**EXERCISE PROMPT**
Reproduce the opening lines of the records exactly, please, stopping after the line that contains "Building Photo - 3".

*** DATA FOR THIS TASK

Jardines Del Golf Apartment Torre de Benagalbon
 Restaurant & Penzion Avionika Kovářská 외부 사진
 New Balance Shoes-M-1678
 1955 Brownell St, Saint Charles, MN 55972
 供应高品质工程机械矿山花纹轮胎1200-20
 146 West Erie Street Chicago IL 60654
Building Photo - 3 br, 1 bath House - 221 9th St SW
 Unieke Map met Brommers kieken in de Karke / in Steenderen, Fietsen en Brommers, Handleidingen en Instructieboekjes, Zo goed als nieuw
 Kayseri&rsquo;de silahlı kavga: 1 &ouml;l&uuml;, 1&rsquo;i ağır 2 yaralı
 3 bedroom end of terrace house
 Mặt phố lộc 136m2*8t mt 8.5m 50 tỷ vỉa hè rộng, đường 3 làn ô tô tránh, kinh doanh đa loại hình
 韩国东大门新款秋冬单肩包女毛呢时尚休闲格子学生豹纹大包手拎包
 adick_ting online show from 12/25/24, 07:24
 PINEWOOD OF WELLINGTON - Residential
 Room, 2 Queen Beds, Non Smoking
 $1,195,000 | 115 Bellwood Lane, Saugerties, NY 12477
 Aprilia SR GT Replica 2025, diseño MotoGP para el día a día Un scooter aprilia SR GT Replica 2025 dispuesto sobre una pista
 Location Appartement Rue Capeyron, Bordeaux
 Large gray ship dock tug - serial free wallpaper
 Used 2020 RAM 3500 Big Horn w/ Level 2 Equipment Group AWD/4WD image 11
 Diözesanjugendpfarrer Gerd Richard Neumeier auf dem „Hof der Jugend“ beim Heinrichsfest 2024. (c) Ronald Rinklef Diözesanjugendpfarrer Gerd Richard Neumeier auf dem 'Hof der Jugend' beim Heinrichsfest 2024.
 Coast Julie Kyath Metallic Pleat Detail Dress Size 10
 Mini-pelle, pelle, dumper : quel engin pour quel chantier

******

**THE COMPLETED TASK**
Jardines Del Golf Apartment Torre de Benagalbon
 Restaurant & Penzion Avionika Kovářská 외부 사진
 New Balance Shoes-M-1678
 1955 Brownell St, Saint Charles, MN 55972
 供应高品质工程机械矿山花纹轮胎1200-20
 146 West Erie Street Chicago IL 60654
Building Photo - 3 br, 1 bath House - 221 9th St SW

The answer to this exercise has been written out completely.